REQUIREMENT: Nothing but an exact copy is asked for: the lines in the material below from the one with "Muška denim jakna, stojeći" through the one with "LCC14AA's tweet photo.", pictures excluded.

AVAILABLE RECORDS:

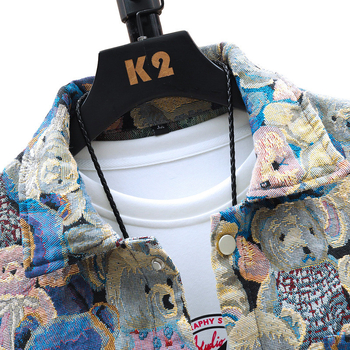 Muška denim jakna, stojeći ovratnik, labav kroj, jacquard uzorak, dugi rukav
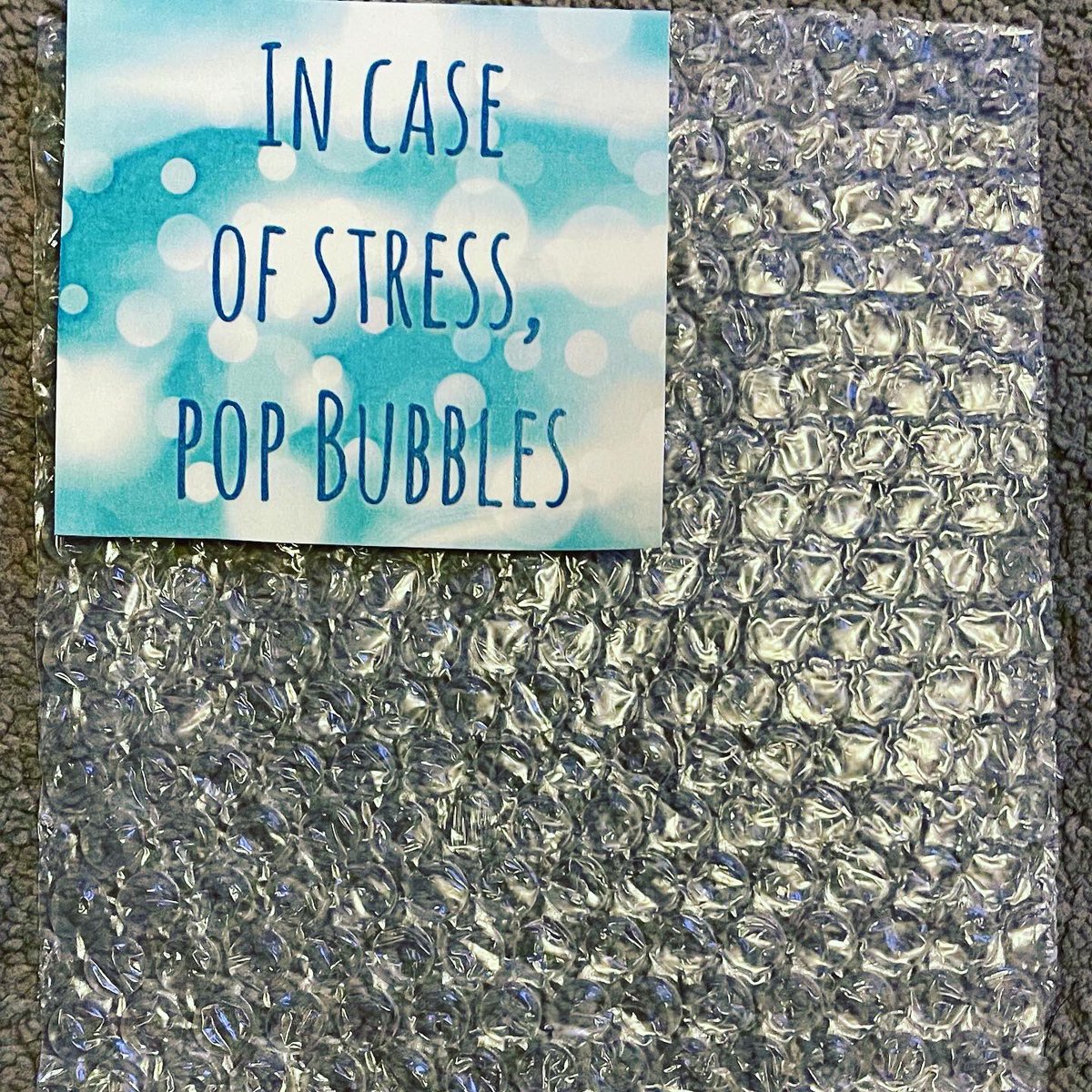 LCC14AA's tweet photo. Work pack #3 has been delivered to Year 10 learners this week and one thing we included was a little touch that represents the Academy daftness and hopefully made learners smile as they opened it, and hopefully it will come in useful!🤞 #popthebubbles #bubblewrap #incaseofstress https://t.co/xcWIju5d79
--
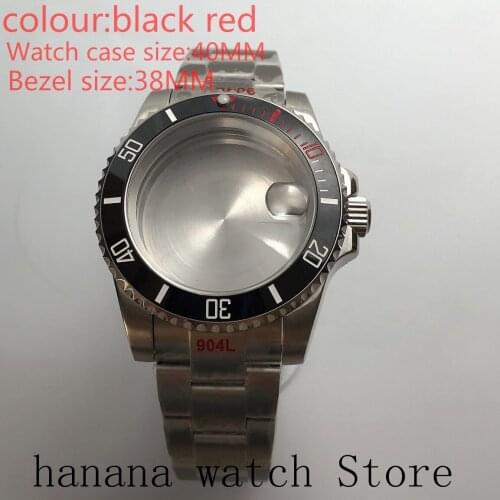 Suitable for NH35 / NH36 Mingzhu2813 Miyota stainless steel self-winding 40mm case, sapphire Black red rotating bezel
--
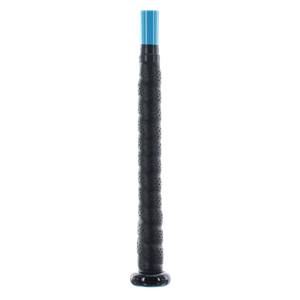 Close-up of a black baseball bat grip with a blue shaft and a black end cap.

TASK SOLUTION:
 Muška denim jakna, stojeći ovratnik, labav kroj, jacquard uzorak, dugi rukav
 LCC14AA's tweet photo. Work pack #3 has been delivered to Year 10 learners this week and one thing we included was a little touch that represents the Academy daftness and hopefully made learners smile as they opened it, and hopefully it will come in useful!🤞 #popthebubbles #bubblewrap #incaseofstress https://t.co/xcWIju5d79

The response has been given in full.